Co-authors

This paper was not written above the room. It was created from within it.

Beyond Skills: The Hidden Human Value in the AI Economy emerged through a live think tank in the Octopus Movement, where people from different backgrounds, experiences, and ways of seeing came together to explore a shared question: what forms of human value may matter more, not less, in the AI economy?

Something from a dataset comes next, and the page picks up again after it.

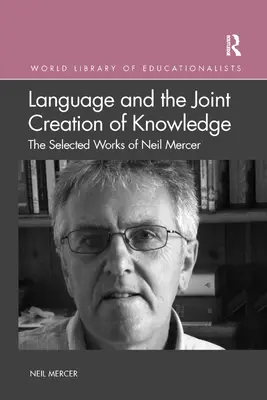 Il linguaggio e la creazione congiunta di conoscenza: Opere scelte di Neil Mercer - Language and the Joint Creation of Knowledge: The selected works of Neil Mercer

The result is not the product of one isolated author. It is a collective piece of thinking, shaped by conversation, reflection, challenge, insight, and the willingness to look beneath the visible surface of work. That is why everyone who joined the think tank is named here as a co-author. Not as a formality — as a truth. This paper belongs to the field that created it.

The 18 co-authors

  • ·Marlene Ming
  • ·Staci Backauskas
  • ·dr. Chris Arnold
  • ·Anshar Seraphim
  • ·Mirjam de Wind
  • ·Nienke van Berkum
  • ·David Good
  • ·Karen Zeigler
  • ·John Styers
  • ·Charlotte Bencaz
  • ·Colleen Pridemore
  • ·Els van Noorduyn
  • ·Roy Vella
  • ·Alina Tudorache
  • ·Nola Tomaska
  • ·Mia Palmer
  • ·Mac Bogert
  • ·Perry "dr. Octopus" Knoppert

How this white paper was created

Every white paper carries a method, even when that method stays invisible. Beyond Skills was not written as a solo opinion piece, and it was not generated as a standard institutional report. It emerged through a live think tank in the Octopus Movement, where nonlinear thinkers gathered around a shared theme: if AI is changing work beneath the surface, what forms of human value are becoming more important, not less?

The session itself was built around open questions, not fixed answers. Instead of trying to defend one position, participants were invited to reflect, challenge assumptions, notice patterns, and speak from different angles of experience. What mattered was not agreement. What mattered was the field that formed between these perspectives.

From that field, the white paper began to take shape. The questions became the architecture. The conversation became the source material. The patterns, tensions, insights, and unexpected turns that emerged from the room became the foundation for the writing.

In short, this paper was created through

  • a live think tank in the Octopus Movement
  • ten open questions that shaped the discussion
  • collective reflection from all participants in the room
  • a writing process that turned those insights into a public paper
  • a website format designed to keep the conversation alive

Why this matters

The method is part of the message. If we want a future in which human value is taken seriously, the way we make ideas should reflect that too. That is also why this white paper is published as a website, not only as a document — a public thinking space where the ideas can breathe and the questions can stay visible.